Exercise directions
Below, find the line containing "McKesson Cotton Tipped" and the line containing "DAVE SEMENKO Edmonton"; reproduce exactly those two and every line between them, omitting pictures.

Supplied data
Content starts

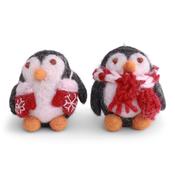Gry &amp; Sif Christmas - Felt Baby Penguins - Set of 2 image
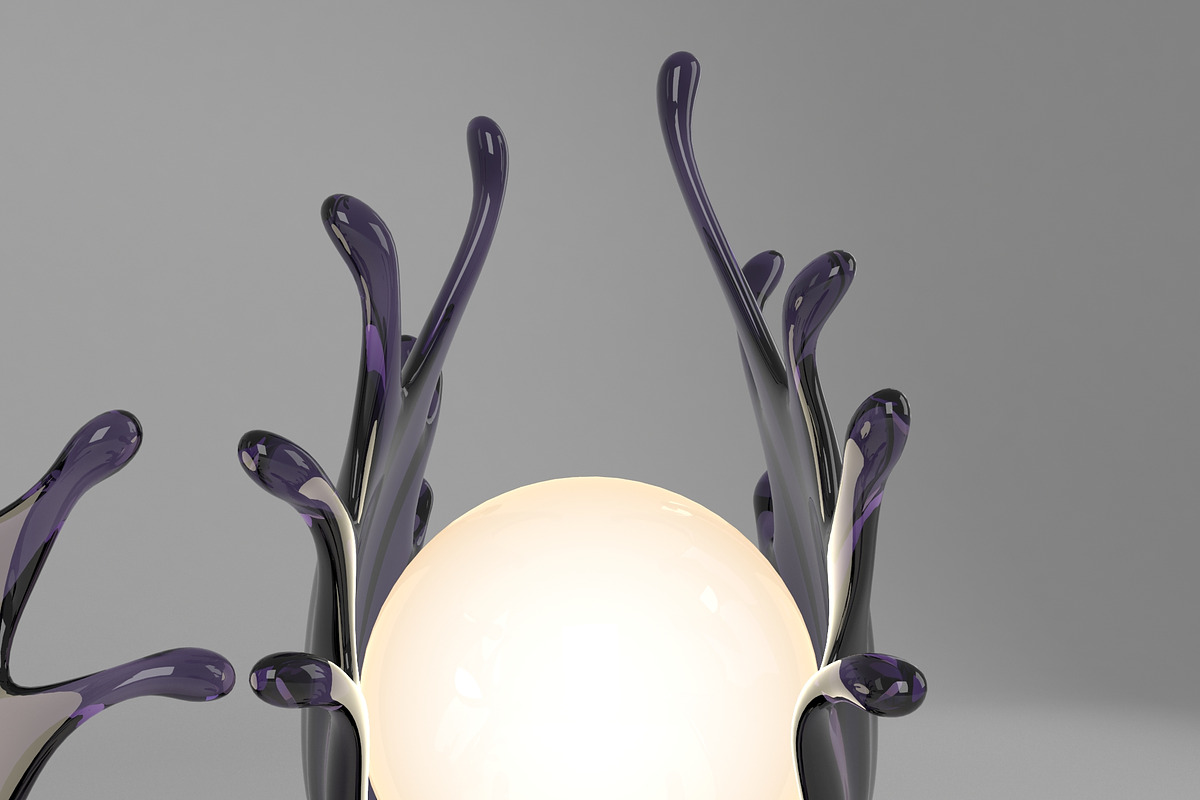 Table lamp Splash Design, an Object 3D Model by 3D Models by Obshansky (Photo 13 of 16)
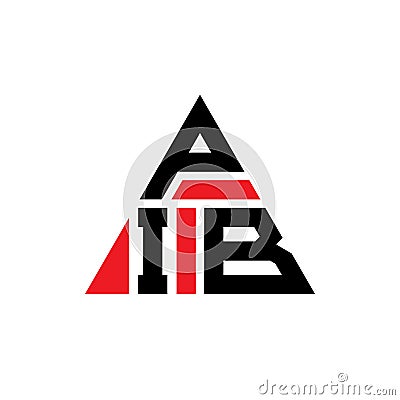PIB triangle letter logo design with triangle shape. PIB triangle logo design monogram. PIB triangle vector logo template with red Vector Illustration
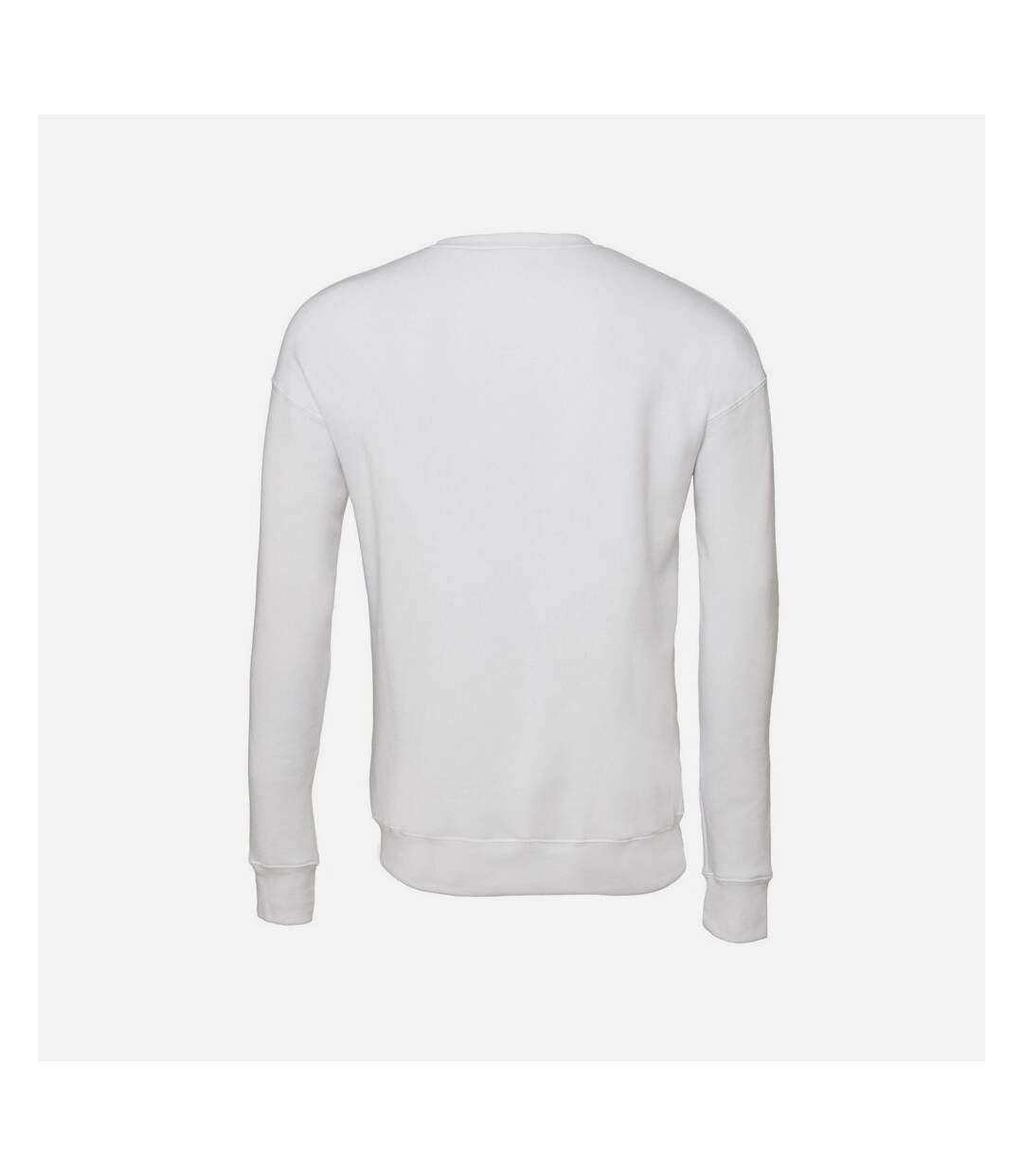 Sweat classic adulte blanc Bella + Canvas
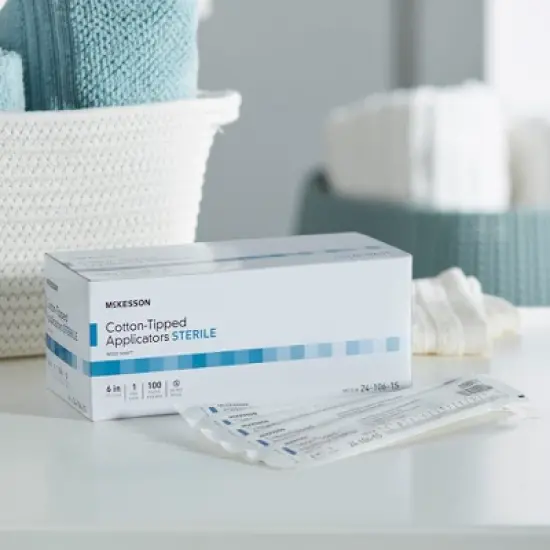McKesson Cotton Tipped Swabstick, Sterile, 6 in. image {5}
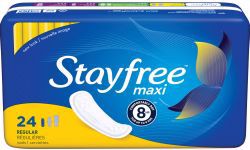 Picture of STAYFREE MAXIPAD REG 8X24 2905305 24/BX 8BX/CS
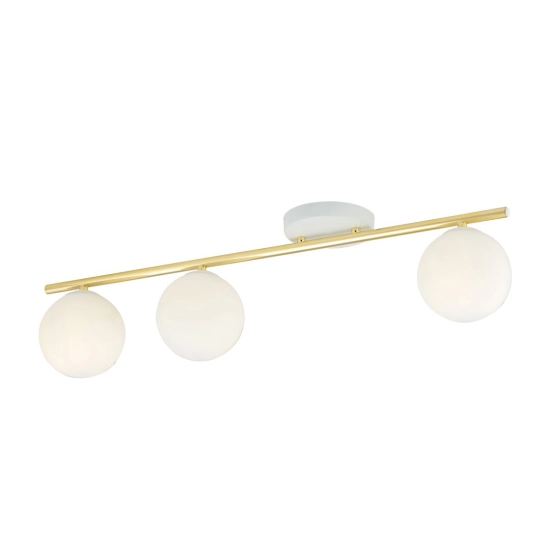 Lampa sufitowa MONZA 3 WH OPAL 1253/3 EMIBIG Lighting - zdjęcie produktu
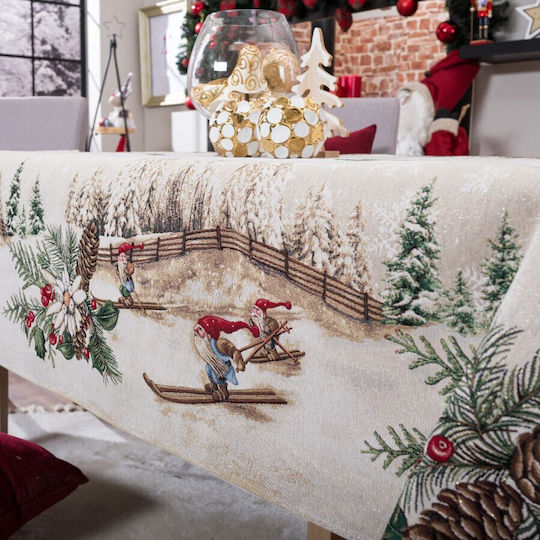 Teoran Christmas Tablecloth Fabric L140xW140cm.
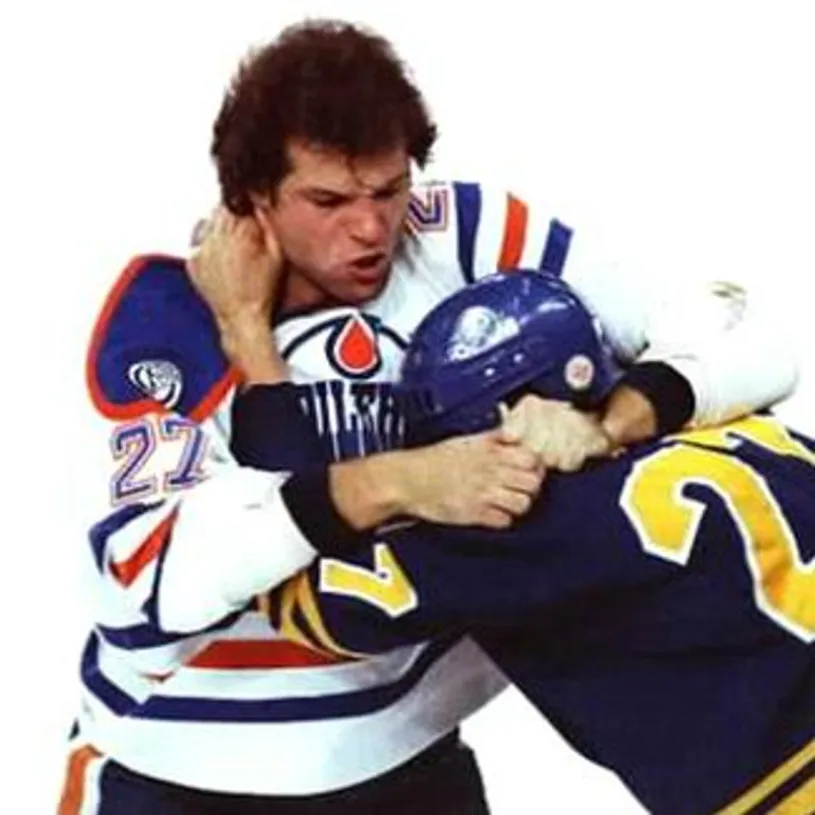 DAVE SEMENKO Edmonton Oilers 1985 CCM Vintage Throwback Home NHL Jersey 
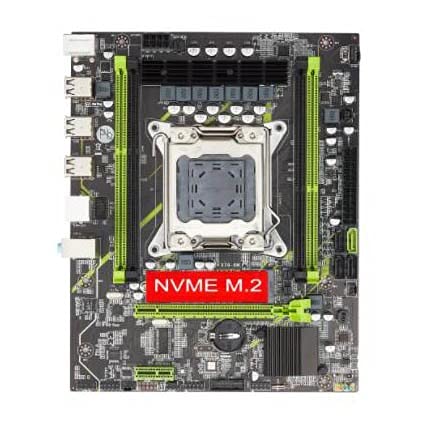 la placa base Fit For QIYIDA X79 LGA 2011 X79 Chip USB2.0 SATA3 Protocolo dual M.2 Soporte REG Memoria ECC y procesador Xeon E5 DDR3 X79 6M Placa base de escritorioPlaca base de computadora de escrito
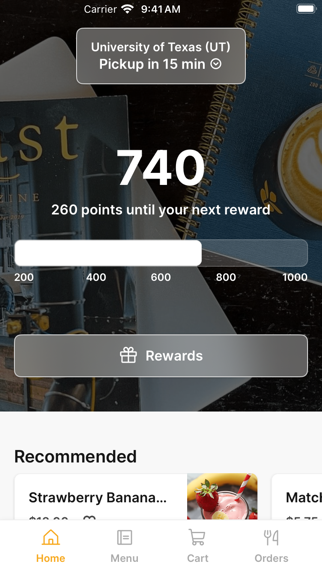 Barleybean To Go app screenshot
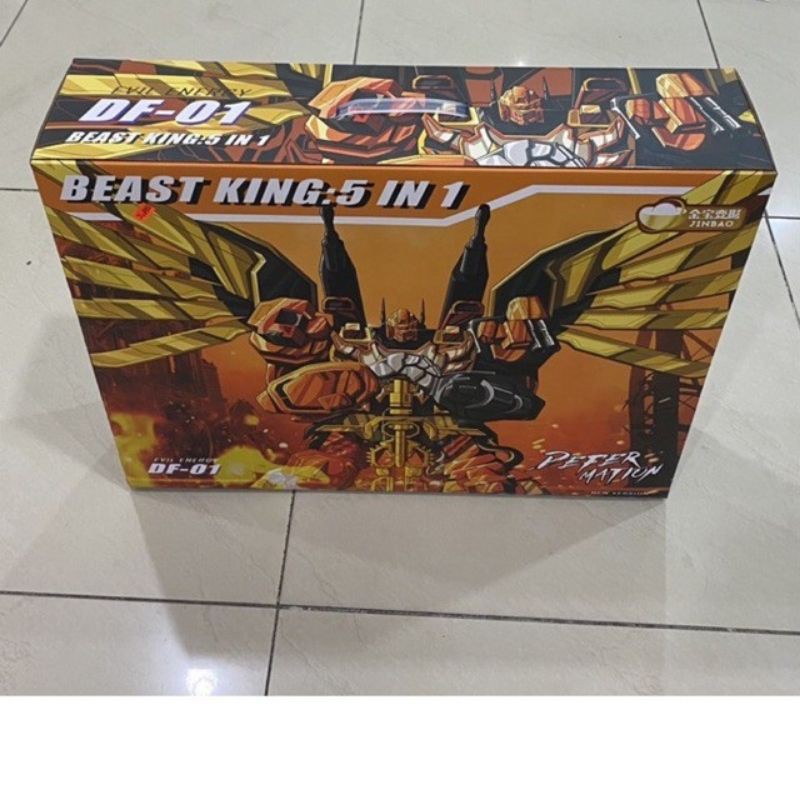 Jinbao Beast King Full set 5 in 1 Predaking Evil Energy DF-01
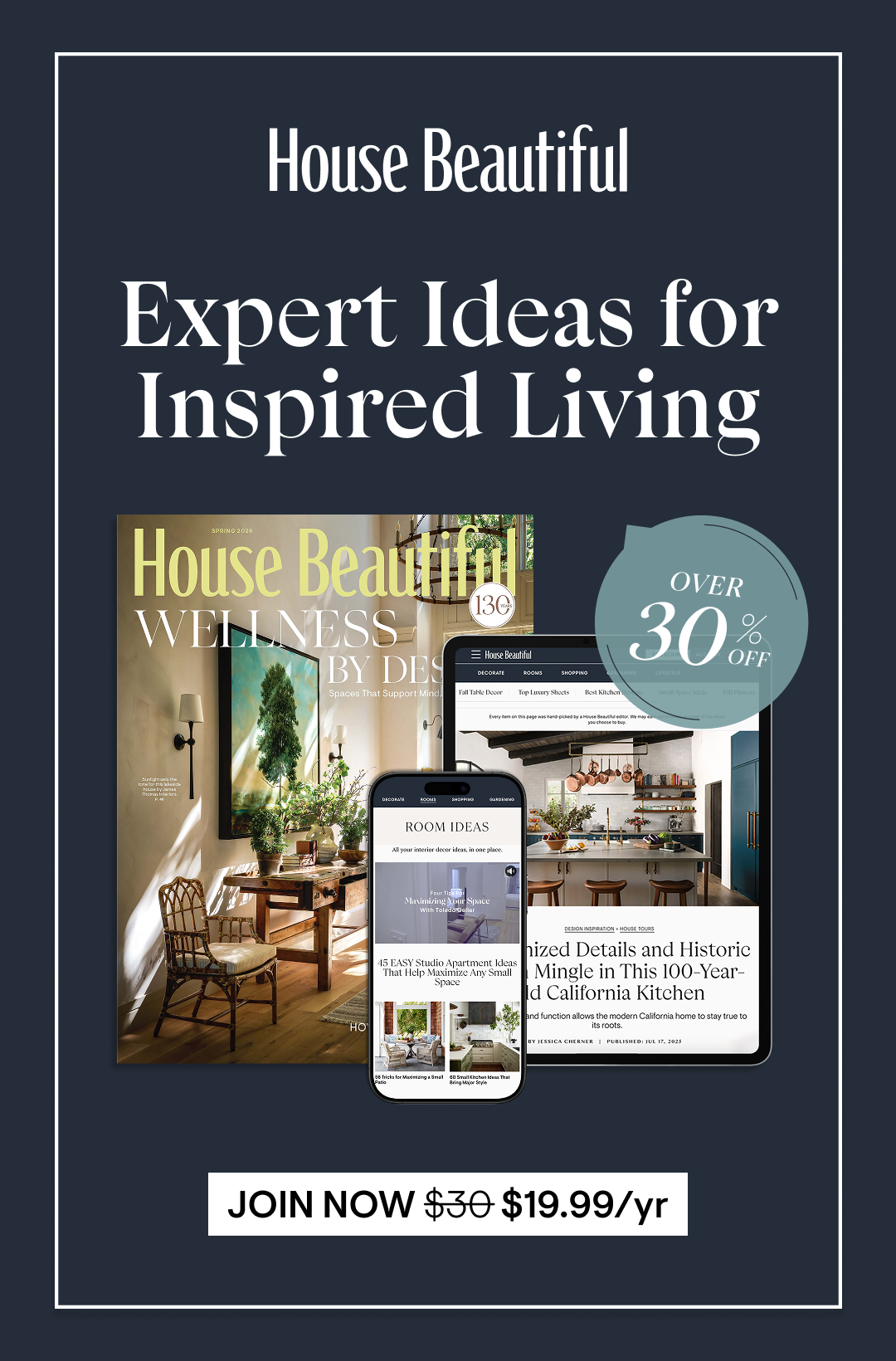 Over 30% Off: Expert Ideas for Inspired Living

Content ends

Expected output
McKesson Cotton Tipped Swabstick, Sterile, 6 in. image {5}
 Picture of STAYFREE MAXIPAD REG 8X24 2905305 24/BX 8BX/CS
 Lampa sufitowa MONZA 3 WH OPAL 1253/3 EMIBIG Lighting - zdjęcie produktu
 Teoran Christmas Tablecloth Fabric L140xW140cm.
 DAVE SEMENKO Edmonton Oilers 1985 CCM Vintage Throwback Home NHL Jersey 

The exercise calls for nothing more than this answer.